April 11, 2018

Challenging Stigmas Surrounding Mental Health

Professor Challenges Stigmas Surrounding Mental Health and Mental Illness Perception in New Master of Liberal Arts Course.

As an Associate Professor at the University of Chicago School of Social Service Administration (SSA), Alida Bouris’s research focuses on the relationship between social context and health with the goal of developing effective ways to leverage the strengths of families and other supportive persons in the lives of young people. She teaches courses on social work practice, cognitive-behavioral therapy, and queer theory and, in 2013, was the recipient of the William Pollak Award for Excellence in Teaching.

“In social work, the goal is to merge theory and practice in order to work directly with individuals, families, and groups,” she says. “SSA takes a very theoretically-grounded approach to teaching social work. The students all intern in agencies where they conduct therapy and case management or program and policy research, while the courses ground them in the research orienting their vocations outside of class.”

For Professor Bouris, successful social work involves a collaborative effort. Together with University of Chicago colleagues, alumni, and students, she is co-director of the Chicago Center for HIV Elimination, a program housed at the UChicago Medical Center that provides resource counseling, community programming, and HIV/AIDS prevention and treatment services for adolescents and adults. She and other faculty are also part of the Third Coast Center for AIDS Research, a newly funded research center that facilitates research on HIV/AIDS in order to expedite prevention and treatment services for those populations most affected by HIV/AIDS.

Using Social Work Experience in Master of Liberal Arts Course on Mental Health

Her decision to become part of the Master of Liberal Arts (MLA) faculty extends her belief in the importance of collaborative work. The MLA program, she says, allows her to teach in a different style and explore important questions in new ways from the approaches she uses teaching her SSA courses. Through looking closely at our shifting conceptions of mental health and mental illness in the discussion-based context of an MLA classroom, new insights into material she has spent her career thinking about can emerge and potentially enhance her engagement with work she does elsewhere.

“I was excited about the opportunity to teach in the MLA program,” she says. “I saw it as an opportunity to push my teaching beyond what I do at SSA. My MLA class is a little more theoretical and open-ended than the typical classes I teach. It’s less focused on developing skills and more involved in fostering discussion around texts that engage the topic of mental health.”

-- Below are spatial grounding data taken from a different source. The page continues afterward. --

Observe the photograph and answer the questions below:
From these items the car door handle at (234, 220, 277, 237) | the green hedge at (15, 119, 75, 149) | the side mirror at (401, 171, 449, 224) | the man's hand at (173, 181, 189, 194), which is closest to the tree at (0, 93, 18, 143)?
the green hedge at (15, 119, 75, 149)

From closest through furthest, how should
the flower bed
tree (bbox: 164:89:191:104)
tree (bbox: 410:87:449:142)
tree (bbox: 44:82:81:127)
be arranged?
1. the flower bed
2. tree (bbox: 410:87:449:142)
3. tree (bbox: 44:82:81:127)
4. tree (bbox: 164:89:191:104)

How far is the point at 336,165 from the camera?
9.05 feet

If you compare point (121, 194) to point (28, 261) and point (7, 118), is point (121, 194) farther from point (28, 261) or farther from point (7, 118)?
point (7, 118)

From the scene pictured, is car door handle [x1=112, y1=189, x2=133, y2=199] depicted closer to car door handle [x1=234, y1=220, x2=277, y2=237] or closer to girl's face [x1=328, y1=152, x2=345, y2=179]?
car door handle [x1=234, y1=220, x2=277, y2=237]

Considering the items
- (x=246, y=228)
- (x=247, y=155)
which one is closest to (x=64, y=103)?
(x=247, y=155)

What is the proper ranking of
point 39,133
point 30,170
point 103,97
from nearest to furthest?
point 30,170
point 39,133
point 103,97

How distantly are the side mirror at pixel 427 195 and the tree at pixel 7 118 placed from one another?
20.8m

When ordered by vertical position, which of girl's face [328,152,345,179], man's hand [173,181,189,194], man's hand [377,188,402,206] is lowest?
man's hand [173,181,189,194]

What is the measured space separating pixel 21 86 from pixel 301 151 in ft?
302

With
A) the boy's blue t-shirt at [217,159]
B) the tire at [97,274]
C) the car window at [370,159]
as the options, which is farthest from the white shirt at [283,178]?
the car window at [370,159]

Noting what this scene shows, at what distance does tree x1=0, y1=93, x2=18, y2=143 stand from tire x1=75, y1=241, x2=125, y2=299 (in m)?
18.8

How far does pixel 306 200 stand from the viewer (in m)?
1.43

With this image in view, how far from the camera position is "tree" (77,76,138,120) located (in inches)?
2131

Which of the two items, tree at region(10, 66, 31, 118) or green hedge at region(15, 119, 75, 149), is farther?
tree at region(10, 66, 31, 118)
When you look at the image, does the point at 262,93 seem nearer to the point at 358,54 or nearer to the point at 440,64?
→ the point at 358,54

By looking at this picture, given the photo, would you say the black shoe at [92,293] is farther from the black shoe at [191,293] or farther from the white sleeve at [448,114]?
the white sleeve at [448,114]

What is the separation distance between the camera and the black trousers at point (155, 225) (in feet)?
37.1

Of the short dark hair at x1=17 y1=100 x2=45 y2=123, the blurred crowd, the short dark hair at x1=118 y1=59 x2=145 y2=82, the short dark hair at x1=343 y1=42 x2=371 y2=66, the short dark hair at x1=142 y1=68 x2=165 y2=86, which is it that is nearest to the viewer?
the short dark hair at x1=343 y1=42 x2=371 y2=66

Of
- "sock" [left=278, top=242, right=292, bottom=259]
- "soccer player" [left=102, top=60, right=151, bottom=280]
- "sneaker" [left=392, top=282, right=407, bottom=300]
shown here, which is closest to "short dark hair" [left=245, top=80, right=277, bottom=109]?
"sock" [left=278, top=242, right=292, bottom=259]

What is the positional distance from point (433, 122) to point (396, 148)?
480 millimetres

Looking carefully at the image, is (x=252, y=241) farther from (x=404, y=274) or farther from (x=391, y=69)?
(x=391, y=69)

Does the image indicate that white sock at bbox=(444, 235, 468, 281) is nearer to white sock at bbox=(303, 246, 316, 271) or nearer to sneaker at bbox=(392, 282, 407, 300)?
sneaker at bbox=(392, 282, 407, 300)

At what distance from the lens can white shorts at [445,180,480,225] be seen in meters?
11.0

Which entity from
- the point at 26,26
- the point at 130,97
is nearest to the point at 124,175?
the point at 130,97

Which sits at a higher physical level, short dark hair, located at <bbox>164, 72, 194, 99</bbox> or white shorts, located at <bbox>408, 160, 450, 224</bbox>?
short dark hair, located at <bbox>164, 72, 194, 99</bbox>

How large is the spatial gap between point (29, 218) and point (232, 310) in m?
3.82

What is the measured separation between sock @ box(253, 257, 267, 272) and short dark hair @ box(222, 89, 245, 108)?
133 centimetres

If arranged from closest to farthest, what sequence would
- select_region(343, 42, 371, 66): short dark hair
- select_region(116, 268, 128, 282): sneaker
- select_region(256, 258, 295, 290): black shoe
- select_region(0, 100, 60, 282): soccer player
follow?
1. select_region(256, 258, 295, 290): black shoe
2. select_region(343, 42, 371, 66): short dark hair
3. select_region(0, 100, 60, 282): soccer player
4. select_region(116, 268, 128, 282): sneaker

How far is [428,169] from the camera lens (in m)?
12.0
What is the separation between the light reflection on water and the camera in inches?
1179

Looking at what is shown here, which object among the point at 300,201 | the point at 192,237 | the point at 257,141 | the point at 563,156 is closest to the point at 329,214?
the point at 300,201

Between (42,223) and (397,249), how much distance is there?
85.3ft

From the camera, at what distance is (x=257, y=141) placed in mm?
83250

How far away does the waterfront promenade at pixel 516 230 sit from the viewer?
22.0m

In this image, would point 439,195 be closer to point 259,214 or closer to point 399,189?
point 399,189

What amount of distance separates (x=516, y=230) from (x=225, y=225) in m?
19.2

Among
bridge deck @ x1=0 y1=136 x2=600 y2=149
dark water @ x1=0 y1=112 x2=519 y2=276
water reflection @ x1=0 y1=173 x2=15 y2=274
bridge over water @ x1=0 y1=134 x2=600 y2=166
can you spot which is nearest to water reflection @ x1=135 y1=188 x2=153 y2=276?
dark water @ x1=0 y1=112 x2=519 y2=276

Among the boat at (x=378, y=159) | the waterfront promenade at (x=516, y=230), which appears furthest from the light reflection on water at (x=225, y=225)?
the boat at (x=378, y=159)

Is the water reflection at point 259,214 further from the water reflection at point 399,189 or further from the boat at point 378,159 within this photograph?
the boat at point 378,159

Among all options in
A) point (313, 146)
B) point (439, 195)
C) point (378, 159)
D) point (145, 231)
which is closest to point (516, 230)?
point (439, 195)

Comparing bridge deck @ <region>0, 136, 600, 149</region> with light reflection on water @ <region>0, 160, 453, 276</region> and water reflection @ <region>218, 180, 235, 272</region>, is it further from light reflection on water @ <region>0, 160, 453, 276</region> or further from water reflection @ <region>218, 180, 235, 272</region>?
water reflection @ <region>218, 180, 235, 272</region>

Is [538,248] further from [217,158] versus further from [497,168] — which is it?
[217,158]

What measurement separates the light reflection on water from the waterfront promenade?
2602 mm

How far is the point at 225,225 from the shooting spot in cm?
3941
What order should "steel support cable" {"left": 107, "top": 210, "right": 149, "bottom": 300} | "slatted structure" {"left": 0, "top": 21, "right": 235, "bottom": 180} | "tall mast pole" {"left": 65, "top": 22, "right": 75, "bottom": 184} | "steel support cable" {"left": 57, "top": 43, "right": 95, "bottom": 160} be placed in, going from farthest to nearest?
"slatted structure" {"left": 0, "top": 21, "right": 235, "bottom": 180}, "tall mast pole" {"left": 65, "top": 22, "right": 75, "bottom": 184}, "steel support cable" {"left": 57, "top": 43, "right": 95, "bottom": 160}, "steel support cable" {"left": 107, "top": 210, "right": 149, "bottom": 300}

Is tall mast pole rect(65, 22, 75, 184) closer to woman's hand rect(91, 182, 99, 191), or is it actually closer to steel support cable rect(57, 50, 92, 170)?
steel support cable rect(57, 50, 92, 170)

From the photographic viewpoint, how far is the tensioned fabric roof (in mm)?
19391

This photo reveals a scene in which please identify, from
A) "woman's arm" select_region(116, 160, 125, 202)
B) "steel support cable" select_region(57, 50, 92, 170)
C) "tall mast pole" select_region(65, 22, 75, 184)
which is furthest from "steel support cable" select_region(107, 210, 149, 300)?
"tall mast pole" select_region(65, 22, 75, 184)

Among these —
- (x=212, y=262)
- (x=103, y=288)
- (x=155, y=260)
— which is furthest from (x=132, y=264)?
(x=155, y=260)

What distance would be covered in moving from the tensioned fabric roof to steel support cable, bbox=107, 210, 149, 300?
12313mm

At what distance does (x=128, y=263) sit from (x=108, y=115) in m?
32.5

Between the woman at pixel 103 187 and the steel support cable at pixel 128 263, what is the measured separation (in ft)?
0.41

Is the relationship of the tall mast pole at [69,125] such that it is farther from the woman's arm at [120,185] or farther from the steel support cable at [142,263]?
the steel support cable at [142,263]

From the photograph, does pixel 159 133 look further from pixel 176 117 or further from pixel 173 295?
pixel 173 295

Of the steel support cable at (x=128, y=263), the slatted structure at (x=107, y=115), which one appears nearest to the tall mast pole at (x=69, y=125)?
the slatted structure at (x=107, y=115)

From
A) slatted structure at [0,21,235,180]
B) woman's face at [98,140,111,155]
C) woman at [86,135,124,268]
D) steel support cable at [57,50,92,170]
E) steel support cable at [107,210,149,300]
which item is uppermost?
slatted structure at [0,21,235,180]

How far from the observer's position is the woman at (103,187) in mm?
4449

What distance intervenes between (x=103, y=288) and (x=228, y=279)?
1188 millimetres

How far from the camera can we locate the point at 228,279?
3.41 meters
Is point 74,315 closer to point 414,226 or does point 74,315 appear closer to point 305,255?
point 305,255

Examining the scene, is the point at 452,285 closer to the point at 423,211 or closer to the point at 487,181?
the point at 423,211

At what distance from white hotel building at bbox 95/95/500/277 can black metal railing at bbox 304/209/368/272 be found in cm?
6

“I saw it as an opportunity to push my teaching beyond what I do at SSA. My MLA class is a little more theoretical and open-ended than the typical classes I teach. It’s less focused on developing skills and more involved in fostering discussion around texts that engage the topic of mental health.”

ALIDA BOURIS
Associate Professor, University of Chicago School of Social Service Administration

Background and Objectives for From Madness to Mental Health Course

Whereas research, practice, and literature from years past tended to characterize people as mad, insane, or crazy, From Madness to Mental Health explores how more recent works have adopted the philosophy and language of mental health, well-being, and recovery. Despite this amelioration in language, however, Professor Bouris highlights ongoing processes of medicalization and how stigma remains pervasive in the area of mental health, with portrayals in popular culture often dramatizing the potential dangers that people with mental illness pose to the public good.

“One goal of From Madness to Mental Health is to try to define what we mean by ‘mental illness’ and ‘mental health,’” she explains. “Seeing how these definitions are historically, socially, and culturally situated will lead us to new and different understandings not only of these categories, but also of how our private and public responses contribute to constructing those categories. The materials we read and think about in the course draw on a wide range of disciplines, which gives us the widest lens possible to approach these issues.”

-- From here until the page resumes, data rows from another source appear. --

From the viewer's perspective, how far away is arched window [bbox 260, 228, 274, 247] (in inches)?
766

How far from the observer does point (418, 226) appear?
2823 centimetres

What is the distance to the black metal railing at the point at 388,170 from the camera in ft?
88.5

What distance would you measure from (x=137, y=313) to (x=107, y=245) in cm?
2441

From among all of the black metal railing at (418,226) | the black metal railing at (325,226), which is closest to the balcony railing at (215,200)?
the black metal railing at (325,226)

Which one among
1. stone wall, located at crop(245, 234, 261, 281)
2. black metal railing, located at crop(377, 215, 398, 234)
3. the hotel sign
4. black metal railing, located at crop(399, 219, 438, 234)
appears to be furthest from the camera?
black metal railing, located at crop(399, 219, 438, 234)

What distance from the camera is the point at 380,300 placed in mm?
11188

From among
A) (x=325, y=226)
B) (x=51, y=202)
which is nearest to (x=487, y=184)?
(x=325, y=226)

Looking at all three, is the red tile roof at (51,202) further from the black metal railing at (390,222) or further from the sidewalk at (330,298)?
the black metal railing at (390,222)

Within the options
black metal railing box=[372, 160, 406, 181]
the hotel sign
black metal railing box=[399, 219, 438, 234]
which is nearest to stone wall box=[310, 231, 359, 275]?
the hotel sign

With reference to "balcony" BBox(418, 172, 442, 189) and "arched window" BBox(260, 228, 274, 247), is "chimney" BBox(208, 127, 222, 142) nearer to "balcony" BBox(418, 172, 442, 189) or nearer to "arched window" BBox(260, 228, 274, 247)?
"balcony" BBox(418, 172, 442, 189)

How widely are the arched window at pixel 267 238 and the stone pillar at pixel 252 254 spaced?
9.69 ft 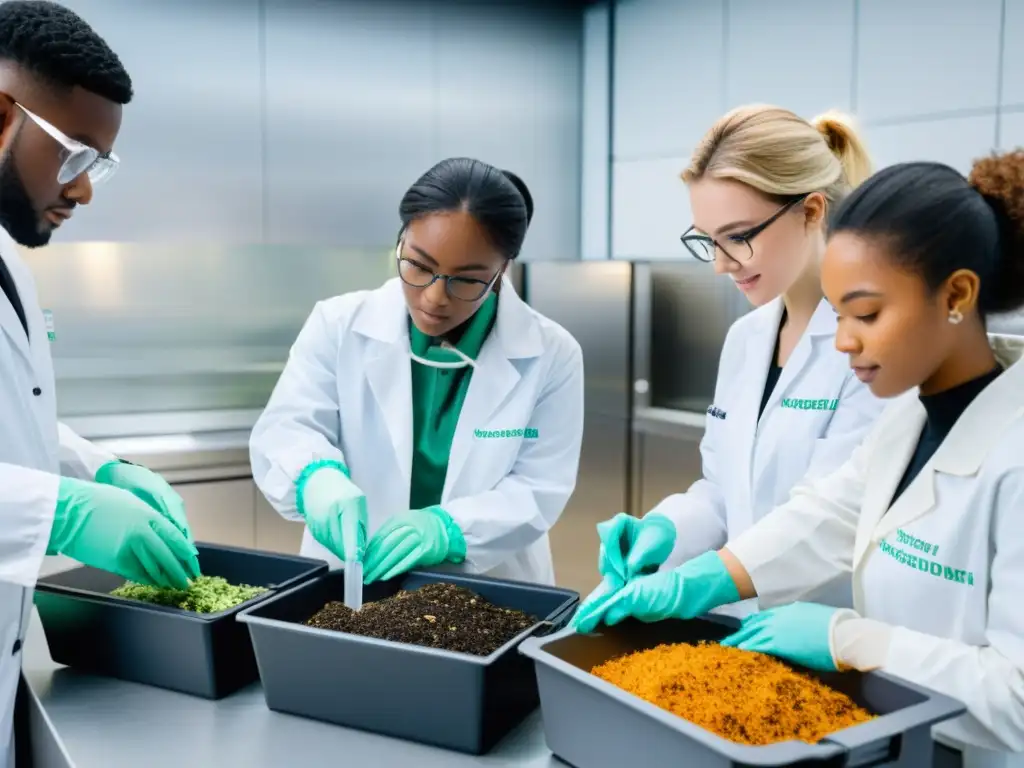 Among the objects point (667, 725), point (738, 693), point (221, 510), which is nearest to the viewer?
point (667, 725)

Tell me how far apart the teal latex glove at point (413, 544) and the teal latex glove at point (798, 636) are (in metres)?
0.58

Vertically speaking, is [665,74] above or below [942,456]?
above

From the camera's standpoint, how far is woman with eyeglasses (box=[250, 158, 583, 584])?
177cm

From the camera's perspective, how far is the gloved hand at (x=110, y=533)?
132 centimetres

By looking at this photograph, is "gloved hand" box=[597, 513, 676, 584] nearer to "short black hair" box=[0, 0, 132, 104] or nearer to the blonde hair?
the blonde hair

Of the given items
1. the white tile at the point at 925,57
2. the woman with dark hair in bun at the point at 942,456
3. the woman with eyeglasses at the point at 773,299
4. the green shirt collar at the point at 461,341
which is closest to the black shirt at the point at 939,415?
the woman with dark hair in bun at the point at 942,456

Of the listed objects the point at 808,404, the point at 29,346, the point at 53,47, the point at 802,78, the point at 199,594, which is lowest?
the point at 199,594

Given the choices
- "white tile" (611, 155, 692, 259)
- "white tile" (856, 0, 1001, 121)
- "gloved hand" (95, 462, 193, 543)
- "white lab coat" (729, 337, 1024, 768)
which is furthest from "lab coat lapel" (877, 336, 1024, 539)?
"white tile" (611, 155, 692, 259)

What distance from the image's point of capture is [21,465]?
1429mm

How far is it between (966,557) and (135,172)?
3.17 m

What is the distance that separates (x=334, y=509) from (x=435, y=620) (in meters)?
0.40

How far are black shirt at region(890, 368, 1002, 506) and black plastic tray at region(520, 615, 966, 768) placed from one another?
1.00ft

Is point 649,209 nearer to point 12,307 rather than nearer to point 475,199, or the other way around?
point 475,199

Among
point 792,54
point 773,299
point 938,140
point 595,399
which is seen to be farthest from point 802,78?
point 773,299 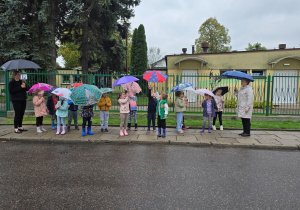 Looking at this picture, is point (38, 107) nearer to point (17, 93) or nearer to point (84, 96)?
point (17, 93)

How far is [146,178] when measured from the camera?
4.04m

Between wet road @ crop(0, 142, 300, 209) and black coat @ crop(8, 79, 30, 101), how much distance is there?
5.92 ft

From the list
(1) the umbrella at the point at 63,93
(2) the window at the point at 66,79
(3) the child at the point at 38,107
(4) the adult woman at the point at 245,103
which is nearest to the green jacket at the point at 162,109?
(4) the adult woman at the point at 245,103

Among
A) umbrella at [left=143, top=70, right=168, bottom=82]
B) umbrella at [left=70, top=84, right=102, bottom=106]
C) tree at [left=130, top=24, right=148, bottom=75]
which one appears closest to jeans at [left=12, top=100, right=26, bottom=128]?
umbrella at [left=70, top=84, right=102, bottom=106]

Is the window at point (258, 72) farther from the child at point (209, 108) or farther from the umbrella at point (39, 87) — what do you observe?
the umbrella at point (39, 87)

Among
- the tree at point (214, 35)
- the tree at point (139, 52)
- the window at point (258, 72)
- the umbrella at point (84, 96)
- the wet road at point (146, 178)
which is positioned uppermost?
the tree at point (214, 35)

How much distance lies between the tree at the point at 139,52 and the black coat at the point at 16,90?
52.2 feet

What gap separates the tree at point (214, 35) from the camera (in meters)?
34.4

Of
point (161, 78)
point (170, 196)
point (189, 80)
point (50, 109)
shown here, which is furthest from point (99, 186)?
point (189, 80)

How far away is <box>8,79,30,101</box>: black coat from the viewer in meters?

Benefits of Interdisciplinary Master of Liberal Arts Approach in Mental Health Discussion

Part of what drew Professor Bouris to joining the MLA faculty was precisely this: the potential to broaden the scope and range of questions she pursues in the classroom. By drawing on the fields of psychiatry, sociology, anthropology, social work, and more, she is not only able to push in-class discussions to new areas, she is also able to tap the diverse experiences and world views of MLA students.

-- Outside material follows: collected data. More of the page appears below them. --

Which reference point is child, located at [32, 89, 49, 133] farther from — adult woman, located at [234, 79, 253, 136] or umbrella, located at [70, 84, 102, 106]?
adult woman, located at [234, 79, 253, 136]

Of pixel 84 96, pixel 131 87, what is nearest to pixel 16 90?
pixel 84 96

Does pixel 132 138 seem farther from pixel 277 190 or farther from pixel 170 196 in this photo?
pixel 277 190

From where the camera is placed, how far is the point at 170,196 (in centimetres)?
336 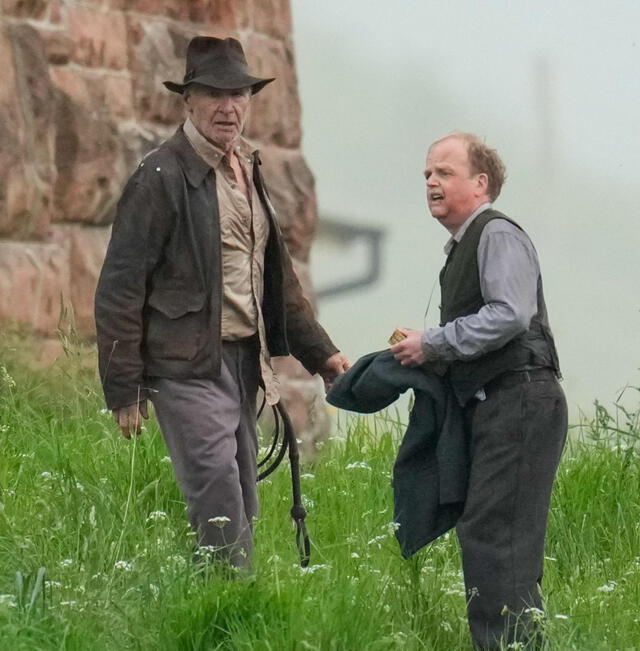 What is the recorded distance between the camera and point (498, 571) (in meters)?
4.85

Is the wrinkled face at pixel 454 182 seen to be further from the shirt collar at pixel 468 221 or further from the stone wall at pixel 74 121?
the stone wall at pixel 74 121

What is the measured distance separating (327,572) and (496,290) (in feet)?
2.96

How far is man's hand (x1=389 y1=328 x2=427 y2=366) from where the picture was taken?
16.0ft

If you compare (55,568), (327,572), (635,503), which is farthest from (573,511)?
(55,568)

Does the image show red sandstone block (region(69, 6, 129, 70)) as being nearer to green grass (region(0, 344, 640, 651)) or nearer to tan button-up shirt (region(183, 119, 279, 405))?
green grass (region(0, 344, 640, 651))

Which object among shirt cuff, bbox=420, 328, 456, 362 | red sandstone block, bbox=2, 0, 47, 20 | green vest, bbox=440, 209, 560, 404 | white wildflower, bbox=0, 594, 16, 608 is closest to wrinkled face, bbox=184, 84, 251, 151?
green vest, bbox=440, 209, 560, 404

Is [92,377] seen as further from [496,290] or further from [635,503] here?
[496,290]

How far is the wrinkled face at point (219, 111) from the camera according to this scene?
5500 mm

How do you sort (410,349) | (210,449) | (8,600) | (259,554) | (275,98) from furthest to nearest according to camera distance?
(275,98), (259,554), (210,449), (410,349), (8,600)

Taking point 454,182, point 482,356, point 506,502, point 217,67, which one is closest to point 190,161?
point 217,67

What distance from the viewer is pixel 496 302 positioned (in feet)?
15.7

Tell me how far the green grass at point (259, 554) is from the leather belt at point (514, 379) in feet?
2.00

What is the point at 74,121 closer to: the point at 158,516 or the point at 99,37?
the point at 99,37

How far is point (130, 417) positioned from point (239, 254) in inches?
24.0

“MLA students, with their variety of backgrounds, bring all sorts of passions and commitments to the material we cover and discuss in class,” she says. “A lawyer taking the class will have one perspective on the criminal-legal system, while an individual working in mental health or social services will have a significantly different perspective. Bringing those two conversations together can be extremely useful and illuminating when it comes to understanding what we overlook or potentially ignore when forming our ideas about mental health. What’s important as well is how these insights can then be applied to other categories we use when we think about and create policies surrounding social inequality.”